Второе, конечно, предпочтительней. Выйдя в море, можно вдоль берега, вдоль берега – до тех границ, где земля массачузов кончается и начинается земля, например, кайюгов или тускароров. Но это три дня и три ночи плыть! А то и четыре. А то и пять. Ладно, рано или поздно доплывут, хотя это ж какой запас воды и еды брать надо. Но, положим, доплывут. Дальше-то что? Кайюги и тускароры воинственны. У новгородцев же с исландцами оружия хоть и в достатке нынче, но, на голом берегу высадившись, превратятся они в живые мишени, как давеча лихие люди Аульва.
А если выбрать первое, то бишь укрыться за частоколом и принять бой – сколько они продержатся? Пусть те же три дня и три ночи. А то и четыре. А то и пять. Рано или поздно массачузы их одолеют. Не умением, так числом.
В общем, что так, что эдак не станет бледнолицых на земле массачузов. Вот и выбирай из двух зол.
Из двух зол Белян выбрал третье.
Белян сказал:
– Обычай племени массачузов нельзя не уважить. Вы хозяева на этой земле, а мы всего лишь гости. Но и у нас есть свои обычаи. И тут вам решать, уважить ли обычай гостей или нет. Все-таки гости…
– Непрошеные гости! – злобно каркнул Громкий Ворон, влезший поперек Черной Совы в разговор.
Черная Сова не моргнул глазом, будто Громкого Ворона и не было здесь, и не каркал никто.
– Говори, – сказал Черная Сова Беляну.
– Мы, конечно, в море не уйдем… – сказал Белян.
И Громкий Ворон в нетерпении забряцал оружием. Чего ждем, Черная Сова?! Сам видишь, не желают бледнолицые по-хорошему!

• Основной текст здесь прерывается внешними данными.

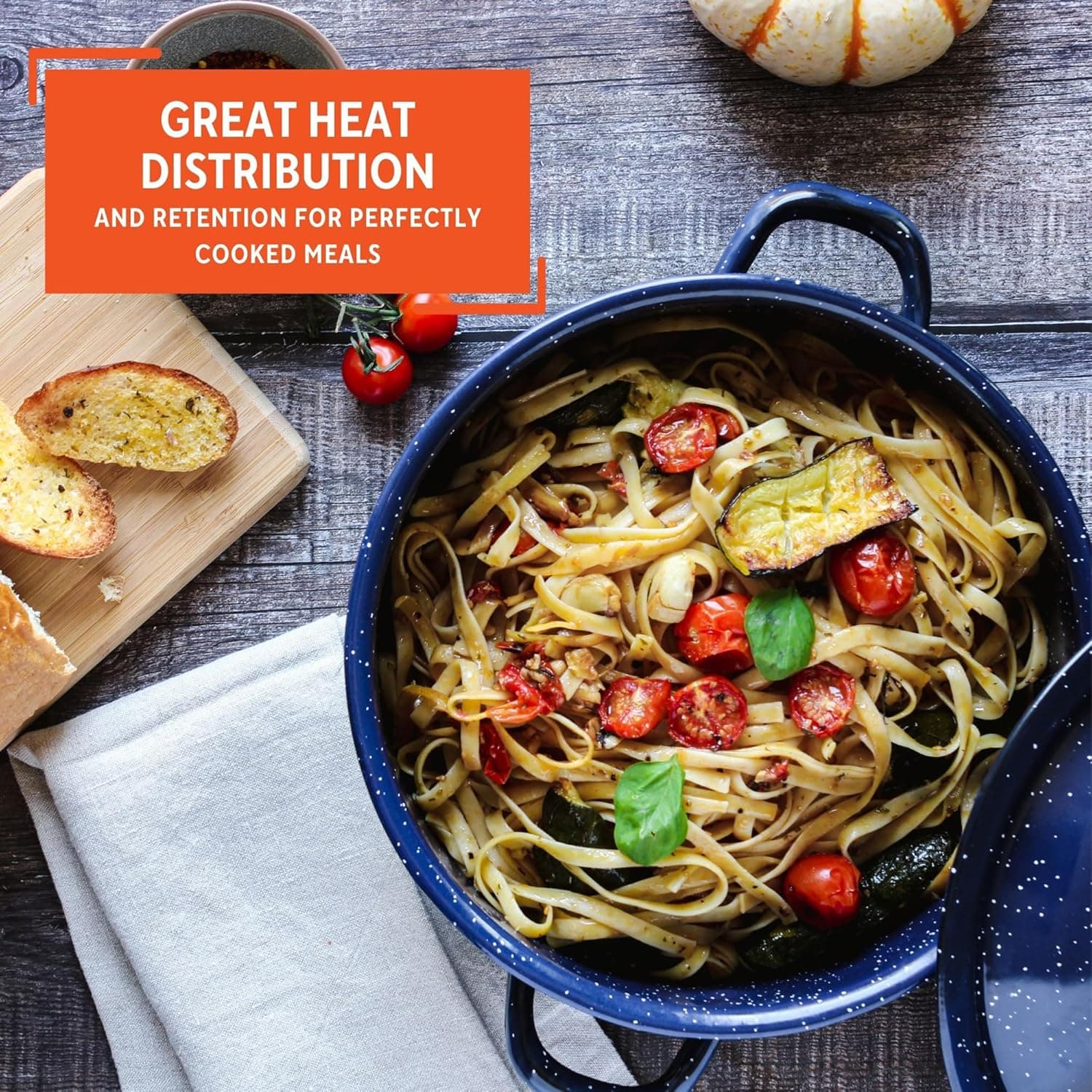 IMUSA 6Qt Blue Speckled Enamel Stock Pot with Lid, Traditional Mexican Enamel Cookware for Everyday Cooking and Kitchen Use 6 Quarts Stock Pot - Image 6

– Не уйдем, – повторил Белян. – Как ни посмотри, то на бегство похоже. Так что остаемся мы. И поражение признаем, лишь когда последний из нас здесь мертвым ляжет. Но ведь и немало массачузов с нами вместе полягут.
– Угрожаешь, бледнолицый?! – Громкий Ворон готов был ввязаться, невзирая на присутствие вождя.
– Но есть и у нас обычай, – Белян в упор смотрел на Черную Сову, будто Громкого Ворона и не было здесь, и не каркал никто. – Есть обычай, который может нас с вами если не примирить, то ссору прекратить.
– Говори, – повторил Черная Сова Беляну.
– Мы выставляем бойца. Вы своего бойца выставляете против него. Если ваш нашего одолеет, мы признаем поражение и сдадимся на милость победителей. А если одолеет наш…
– Тогда нам сдаться?! – каркнул Громкий Ворон. – Черная Сова! Он насмехается над нами!
И снова Черная Сова не услышал и не увидел Громкого Ворона.
* * *
Склеринги вышли из лесу. Все полторы сотни. Все в боевой раскраске, с томагавками, с копьями. Но не напали всем скопом на горстку бледнолицых. Черная Сова подал им знак – и они вышли из лесу. Черная Сова сказал им что-то на своем языке – и они образовали круг. В том круге и быть поединку.
Белян желал выйти сам, но братка Сивел его переспорил. Негоже главе выходить на поединок с кем-либо, кроме главы. А от массачузов вызвался, само собой, Громкий Ворон – он даже приплясывал от нетерпения, корча страшные гримасы: убью, мол!